Bilmemezlikten değil işlerine öyle geldiği için
Tüm bu soruların yanıtı basit. Ortada net bir sınıf tutumu var. Pek "solcu" ve "demokrat" geçinen bu gazeteler ve yazarları, konu sermayenin çıkarları söz konusu olduğunda susmayı tercih ediyorlar. Çünkü sermaye ile güçlü çıkar bağları var, bu düzenden besleniyorlar. Emek sömürüsünden nemalanıyorlar. Bunun için ne kapitalizmle ne emperyalizmle ne taşeronlukla esasta bir sorunları yok. Özel mülkiyete dokunmayan ve yasal sınırları aşmayan, burjuvaziyi esaslı bir biçimde zora sokmayan eylemleri vermekte bir sakınca görmüyorlar. Ama iş bunun ötesine geçmişse bu durumda onların solculuğunun da sınırlarına gelinmiş oluyor. Çünkü onlar burjuvazinin safında duruyorlar. Dolayısıyla tutumlarının gerisinde bilinçli bir sınıf kimliği ve tutumu var.

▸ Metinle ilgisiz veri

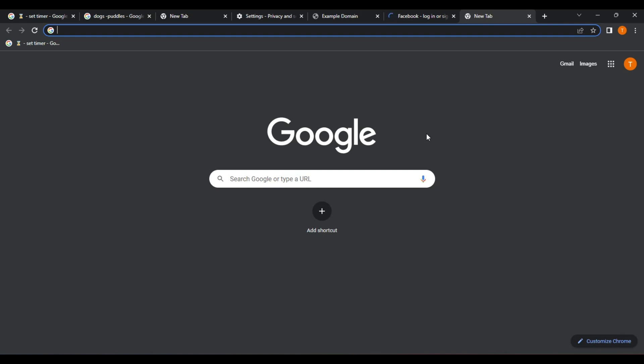Better Organization. With tab groups, you can group related tabs together, such as tabs for work-related tasks, social media, or shopping. This can help you keep track of what you're working on and reduce clutter in your browser. Improved Productivity. Tab Groups can help you work more efficiently by allowing you to switch between related tabs quickly.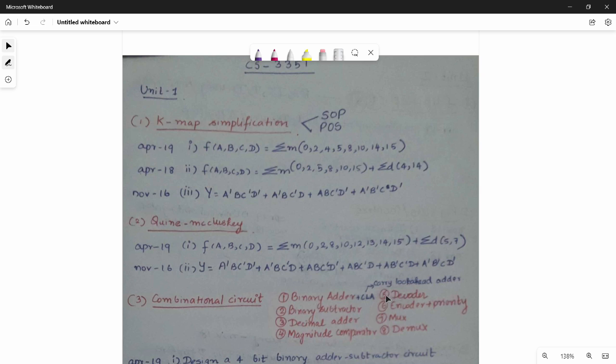Hi friends, in this video we are going to talk about Digital Logic and Computer Organization subject important questions.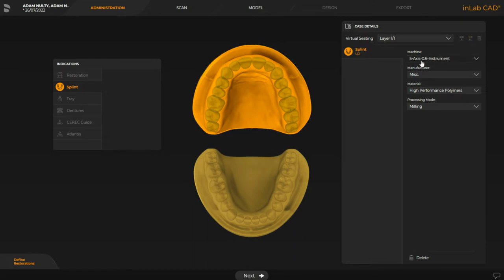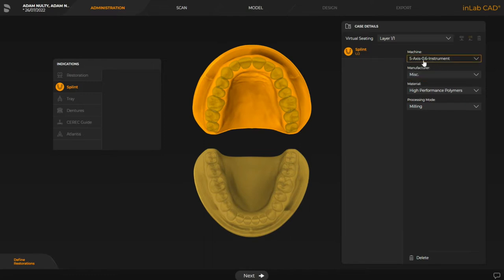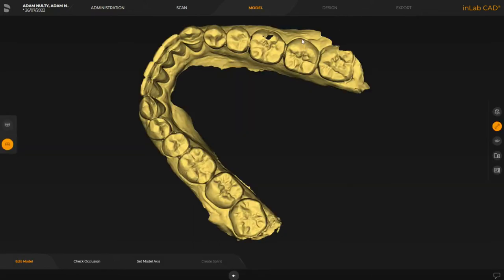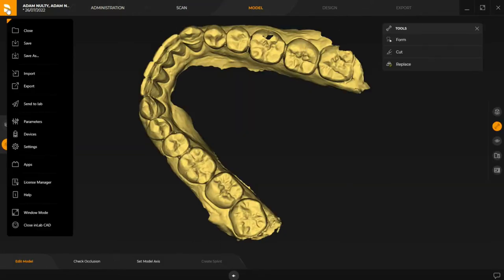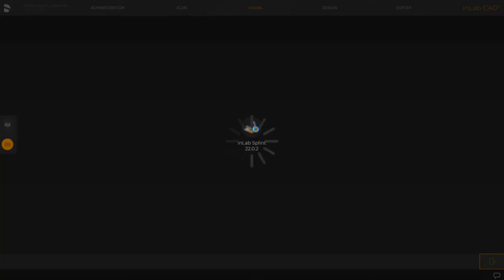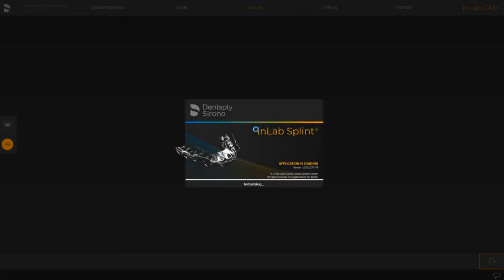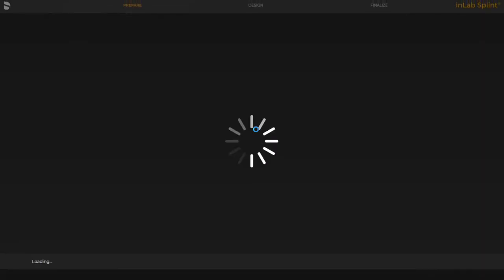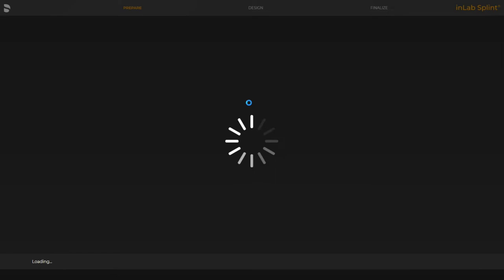Just remember that we're going to be choosing the 5-axis instrument, or if you're going to be milling out in your MCX5 then that's an option, but we're going to choose the 5-axis instrument if we're going to be 3D printing, and just choose high-performance polymers — it's saying milling because we don't have the 3D printing option there yet. So we've brought in the scans, we've got to the model stage, and the next stage is we're going to click on the Dentsply logo, click on apps, and click on in-lab splint. That will load up the in-lab splint app and set everything up for us to work through the workflow according to whichever arch we've set for the splint design.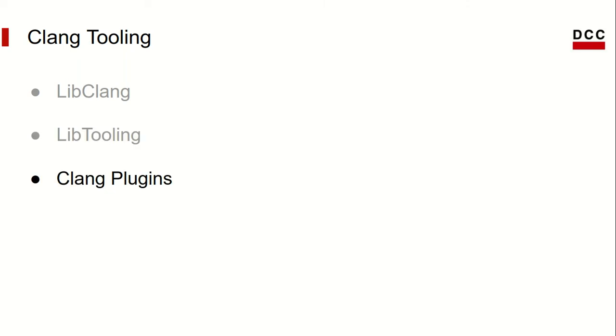And Clang plugins are one way of using LibTooling, and has some specific features such as the registry, and others we'll see in more detail in the next videos.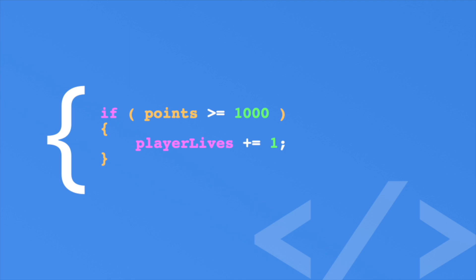So this is how you would format a question about reaching 1000 points. If the points is greater than or equal to 1000, the player lives variable is increased by one. A quick little tangent about braces. You'll often see them formatted like this. The result is the same. Since we are using unity style guide, we are keeping the braces on their own line.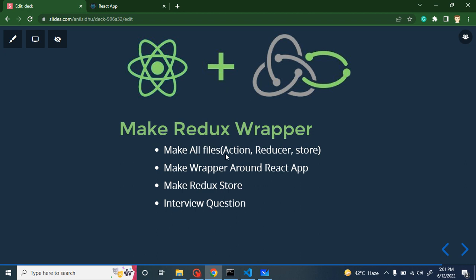First, we will create all files — the action file, reducer file, and store file — but keep in mind we will work only in the store file. I will create separate parts for action and reducer for better explanation. After that, we will create a Provider wrapper around the React.js application, then make a Redux store. At the end, we will also cover some important interview questions.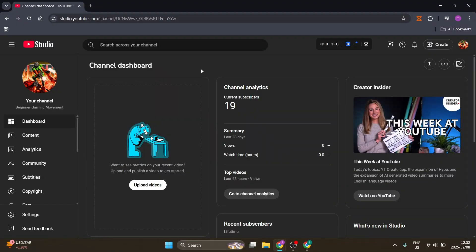Welcome to the channel. Today I'm going to show you how to unhide your YouTube channel, so let's dive in. If your channel has been hidden on YouTube, this is the direct way to unhide it.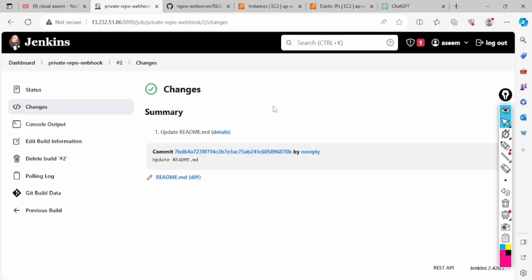If you have any issue you can go and check it out. For this integration you require some plugins, default plugins you have to install. The plugins you require to install are: GitHub integration plugin, GitHub branch source plugin, and GitHub authentication plugin. These are three plugins you require which you have to download.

Solculukları da burjuvazinin sınıf çıkarı ve dünya görüşü ile sakat.
Greif söz konusu olduğunda durum tümüyle böyle olduğu gibi daha somut ve organik ilişkilerin olması ihtimali de güçlüdür. Örneğin Greif Genel Müdürü de dahil Greif yöneticilerinin bir kısmı Kemalisttir ve hatta solcu geçinir. Bazıları da sosyal medyadaki adresleri incelendiğinde de görüldüğü üzere Haziran Direnişi’ne dahi destek verir. Ayrıca belirtelim okurlarımızdan bu konuda varsa bilgilerini bizimle paylaşmalarını istiyoruz.
Saflar netleşiyor
Greif direnişi bu pek demokrat geçinenlerin maskesini indirirken gerçekte Gezi’deki şekilsiz toplumsal muhalefeti de sınıfsal bir ayrışmaya tabi tutuyor. İyi de yapıyor. Çünkü bu halde hem AKP ve rakiplerinin kendi burjuva amaçlar ve ideolojik-siyasal söylemlerle emekçileri bölmesine müdahale ediliyor, hem de toplumdaki ayrışmaların sınıfsal bir temelde yeniden şekillenmesine katkı sağlanıyor. Bu halde de olması gereken oluyor, genel-geçer burjuva demokratları kendi sınıfsal konumlarına göre tutum alıyorlar. Aynılar aynı safta birleşiyor. Böylelikle de “solculuk” gerçek toplumsal-sınıfsal özüne kavuşuyor.